L'ascolto della Parola di Dio
30. Per dare fondamento biblico e maggiore
profondità alla meditazione, è utile che l'enunciazione del
mistero sia seguita dalla proclamazione di un passo biblico
corrispondente che, a seconda delle circostanze, può essere
più o meno ampio. Le altre parole, infatti, non raggiungono mai
l'efficacia propria della parola ispirata. Questa va ascoltata con
la certezza che è Parola di Dio, pronunciata per l'oggi e « per
me ».
Accolta così, essa entra nella metodologia di
ripetizione del Rosario senza suscitare la noia che sarebbe
causata dal semplice richiamo di un'informazione ormai ben
acquisita. No, non si tratta di riportare alla memoria
un'informazione, ma di lasciar 'parlare' Dio. In qualche
occasione solenne e comunitaria, questa parola può essere
opportunamente illustrata da qualche breve commento.
Il silenzio
31. L'ascolto e la meditazione si nutrono di
silenzio. È opportuno che, dopo l'enunciazione del mistero e
la proclamazione della Parola, per un congruo periodo di tempo ci
si fermi a fissare lo sguardo sul mistero meditato, prima di
iniziare la preghiera vocale. La riscoperta del valore del
silenzio è uno dei segreti per la pratica della contemplazione e
della meditazione. Tra i limiti di una società fortemente
tecnologizzata e mass-mediatica, c'è anche il fatto che il
silenzio diventa sempre più difficile. Come nella Liturgia sono
raccomandati momenti di silenzio, anche nella recita del Rosario
una breve pausa è opportuna dopo l'ascolto della Parola di Dio,
mentre l'animo si fissa sul contenuto di un determinato mistero.
Il « Padre nostro »
32. Dopo l'ascolto della Parola e la
focalizzazione del mistero è naturale che l'animo si innalzi
verso il Padre.

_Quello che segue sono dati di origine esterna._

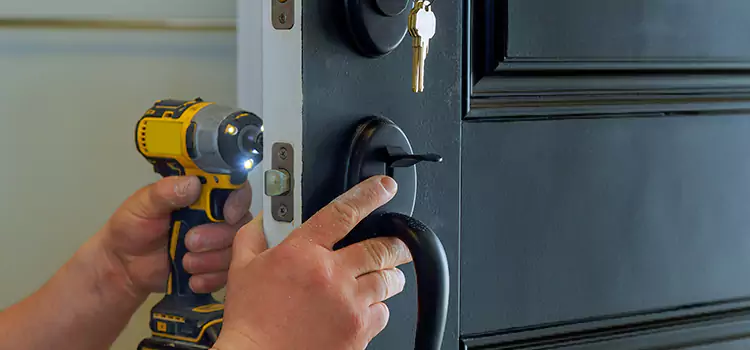 Commercial Door Lock Installation Calverton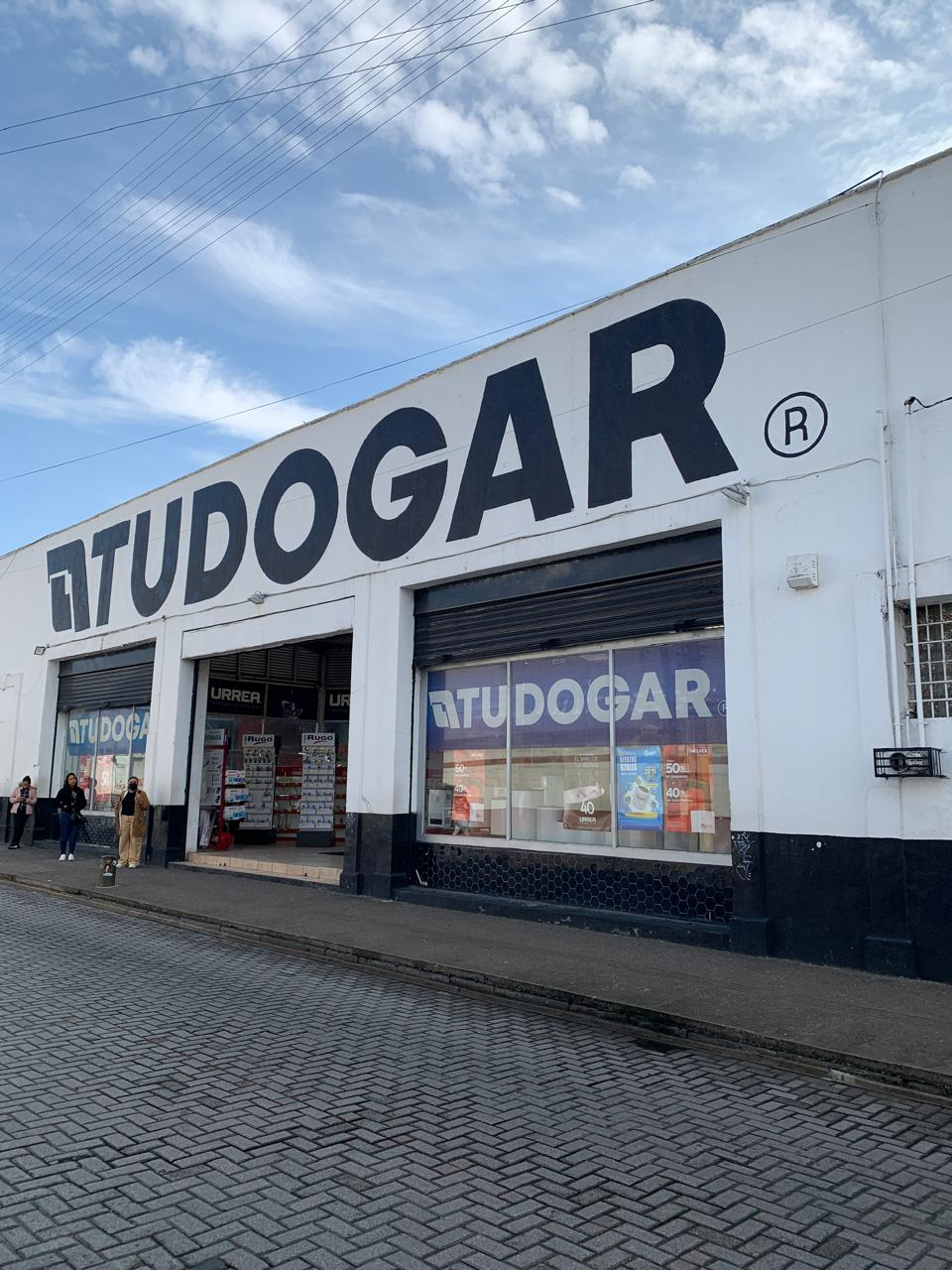 Tudogar (2 poniente)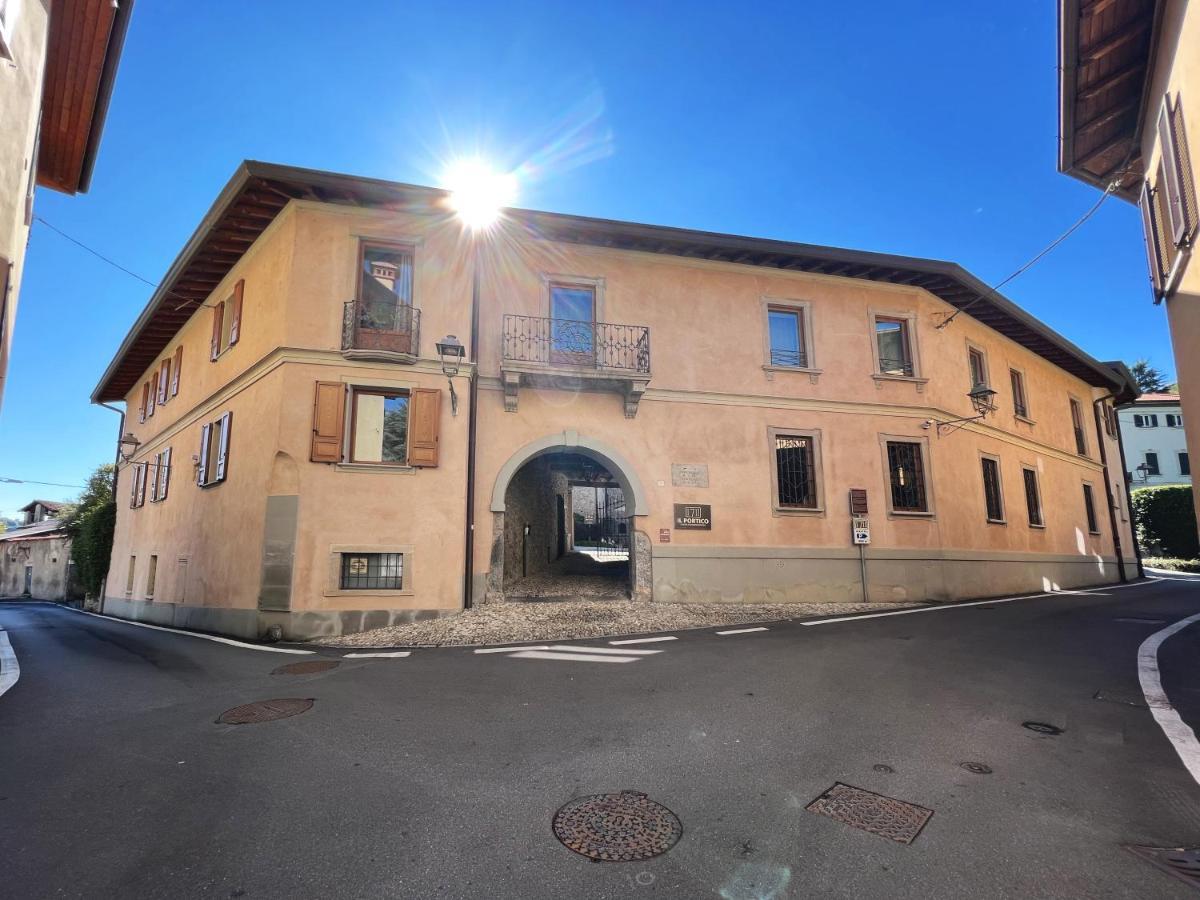 Il Portico - 1711 Luxury Guest House Arlate Εξωτερικό φωτογραφία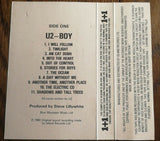 U2 : Boy (Cass, S/Sided, Album, RE)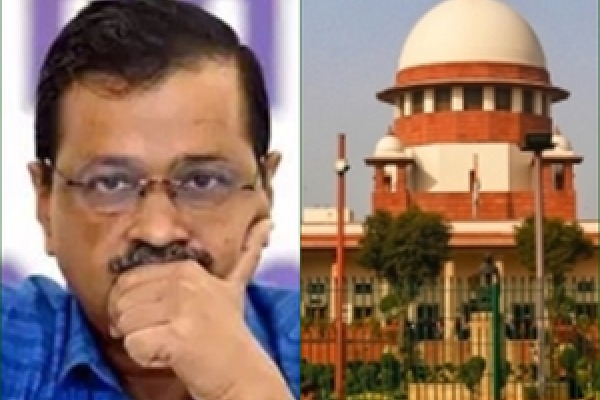 Excise policy case: SC to pronounce order on CM Kejriwal's interim bail plea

Gesù, in ciascuno dei suoi misteri, ci porta
sempre al Padre, a cui Egli continuamente si rivolge, perché nel
suo 'seno' riposa (cfr Gv 1, 18). Nell'intimità del Padre
Egli ci vuole introdurre, perché diciamo con Lui « Abbà, Padre
» (Rm 8, 15; Gal 4, 6). È in rapporto al Padre che
Egli ci fa fratelli suoi e fratelli tra di noi, comunicandoci lo
Spirito che è suo e del Padre insieme. Il Padre nostro,
posto quasi come fondamento alla meditazione cristologico-mariana
che si sviluppa attraverso la ripetizione dell'Ave Maria,
rende la meditazione del mistero, anche quando è compiuta in
solitudine, un'esperienza ecclesiale.
Le dieci « Ave Maria »
33. È questo l'elemento più corposo del Rosario
e insieme quello che ne fa una preghiera mariana per eccellenza.
Ma proprio alla luce dell'Ave Maria ben compresa, si
avverte con chiarezza che il carattere mariano non solo non si
oppone a quello cristologico, ma anzi lo sottolinea e lo esalta.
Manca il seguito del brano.